Les Apparences : … se montrent parfois trompeuses.

Le cinéma de Marc Fitoussi est difficile à cerner. Il oscille depuis ses débuts entre comédie et drame, notamment le remarqué La Ritournelle avec Isabelle Huppert, l’une de ses trois muses en compagnie de Sandrine Kiberlain et Émilie Dequenne.
Pour Les Apparences, disponible en DVD depuis le 27 janvier chez M6 Vidéo, il s’attache les services de Karin Viard, au centre de ses expatriés français à Vienne, ville froide qui ne se dévoilera guère dans ce film aux rebondissements multiples. 

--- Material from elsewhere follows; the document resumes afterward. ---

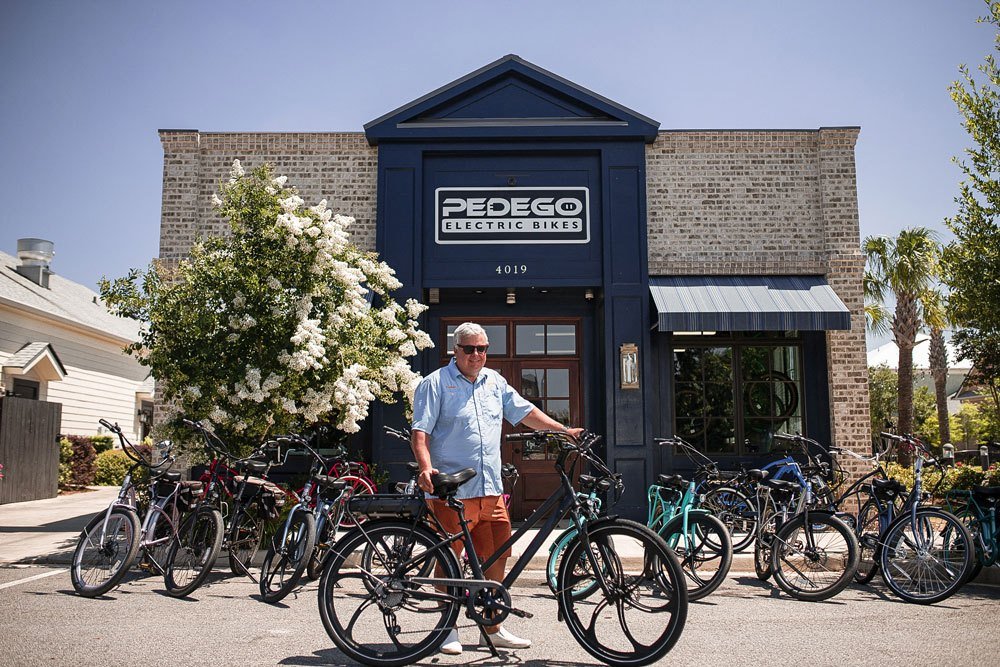 Coker Day, owner of Pedego Aiken, outside of his storefront.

Karin Viard incarne Eve Monlibert, femme d’Henri, célèbre chef d’orchestre de l’Opéra de Vienne, qui ont tout pour être heureux. Elle travaille à l’Institut français menant une vie apparemment sans fausse note, jusqu’au jour où Henri succombe au charme de l’institutrice de leur fils.
Le film débute comme une comédie sociale guindée autour des expatriés français à Vienne. L’ambiance baigne dans une hypocrisie dorée, les masques bien solidement accrochés dans les dîners et autres réceptions où les couteaux valsent dans le dos des absentes, trompées et quittées se retrouvant à Paris dans un trois pièces à Malakoff. Autour des bouchées de chocolats autrichiens et des bulles de champagnes, les poules cocottent avec cette crainte de retourner auprès des modestes. Ève s’échappe tel quelle de la présence de sa mère ramenée rapidement à l’aéroport. Elle s’échappe également d’une lectrice assidue de sa bibliothèque, Mme Belin incarnée par la rafraîchissante Évelyne Buyle. Ève tombe alors de haut avec la découverte de la liaison de son mari. Son monde peut s’écrouler à tout moment. Marc Fitoussi s’attache à cet instant au livre de Karin Alvtegen, Trahie, dont il s’inspire librement. Au lieu de se taire et de subir, Ève épie son mari puis l’institutrice, avec qui elle va commencer un jeu de manipulation dangereux.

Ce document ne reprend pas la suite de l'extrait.